Commenting on the discovery Kepler scientist Mario Perez said: “Are we alone? Maybe Kepler today has told us indirectly, although we need confirmation, that we are probably not alone.”
Kepler has already found dozens of worlds of interest and has still only looked at a tiny part of the galaxy.
It has searched just a quarter of one per cent of a galaxy which holds around 200 billion stars.
Of the 10 new planets which could sustain life, NASA says seven of them circle stars which are not unlike the Sun.
The findings do not mean that the planets have life, just that the basic requirements for life have been met.
In all, Kelper has discovered around 4,000 ‘candidate’ planets but only about half of those have had their existence confirmed.

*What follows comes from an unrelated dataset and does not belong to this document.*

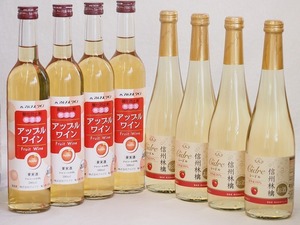 りんごワイン8本セット(信州林檎シードル アップルワイン) 500ml×8本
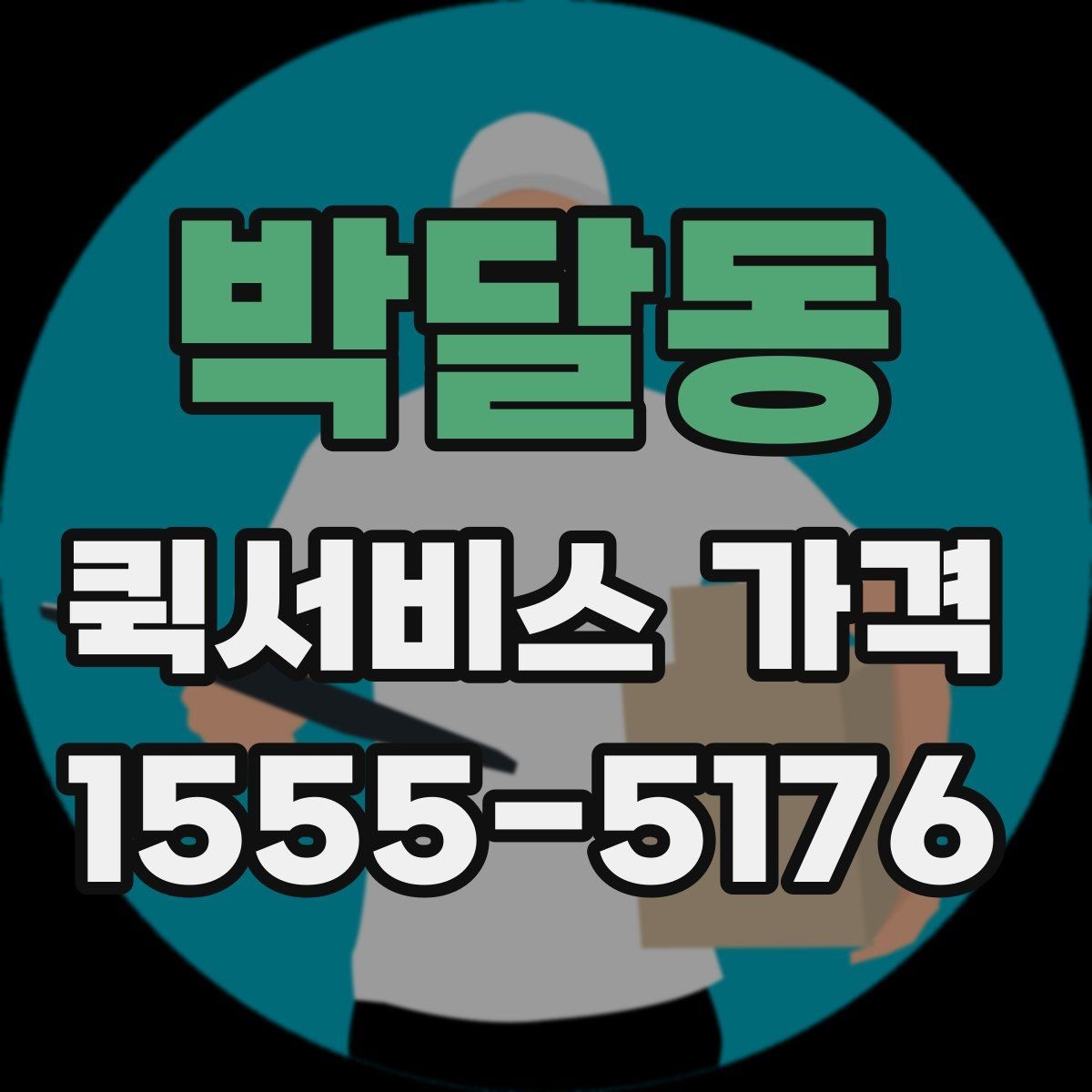 박달동 퀵서비스 가격 비교를 처음 할 때 알아둘 점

Along with other methods of discovery it means scientists are now confident that they have identified around 3,600 exoplanets – around 60 of which could be habitable.
Scientists say it will take at least another year before they are able to confirm what percentage of stars are likely to have Earth-like planets orbiting them
Before Kepler’s launch astronomers thought about 1% of stars were likely to have them.
At conference of scientists in California at the weekend it was suggested the actual figure may be nearer to 60%.
Caltech astronomer Courtney Dressing said: “This number could have been very, very small. I, for one, am ecstatic.”